The Supreme Court has decided that Etobicoke-Centre does not need a by-election. You can find the text of the judgement here.
It was a close count, a 4 to 3 decision, which means partisan opponents who want to yell “Fix!” can keep doing so. But there is this in the majority judgement:
We are dealing here with a challenge based on administrative errors. There is no allegation of any fraud, corruption or illegal practices. Nor is there any suggestion of wrongdoing by any candidate or political party. Given the complexity of administering a federal election, the tens of thousands of election workers involved, many of whom have no on-the-job experience, and the short time frame for hiring and training them, it is inevitable that administrative mistakes will be made. If elections can be easily annulled on the basis of administrative errors, public confidence in the finality and legitimacy of election results will be eroded. Only irregularities that affect the result of the election and thereby undermine the integrity of the electoral process are grounds for overturning an election.
… On these five occasions in his reasons for judgment, when making crucial findings of fact as to the validity of the votes, the application judge misstated the onus of proof. Instead of asking whether Mr. Wrzesnewskyj, the applicant, had satisfied his onus of establishing an irregularity, the application judge asked instead whether Mr. Opitz had established that there was no irregularity, thereby effectively shifting the burden of proof.

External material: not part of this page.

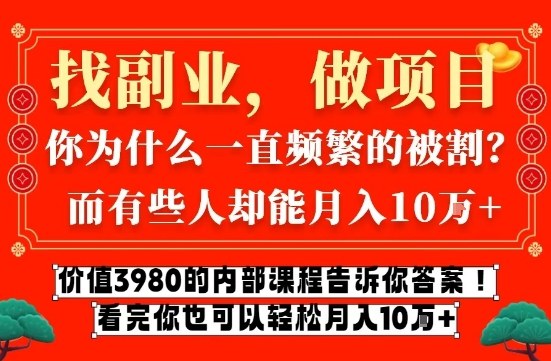 价值3980的网创内部课程，告诉你互联网创业月入10个W的秘密【揭秘】-小艾项目网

Because the application judge misstated the onus of proof a number of times in the course of his analysis, we cannot be confident that he applied the correct onus in arriving at his findings: R. v. Couture, 2007 SCC 28,  2 S.C.R. 517, at paras. 85-86. Overturning an election is a very serious matter. In order to uphold the findings of the application judge, we must be satisfied that he not only appreciated which of the parties bore the onus, but also that he applied the correct onus in arriving at his critical findings of fact. We cannot be so satisfied.
In a nutshell: the nature and level of irregularity for the votes that Borys Wrzesnewskyj wanted tossed out, wasn’t bad enough to justify the tossing.
Frankly, the best alternative for Mr. Wrzesnewskyj is this: wait until the next election, then ask the electorate of Etobicoke-Centre to judge whether Ted Opitz has done a good job as MP, and if he hasn’t, vote him back in. Worst that can happen (from his point of view) is that he loses. Again.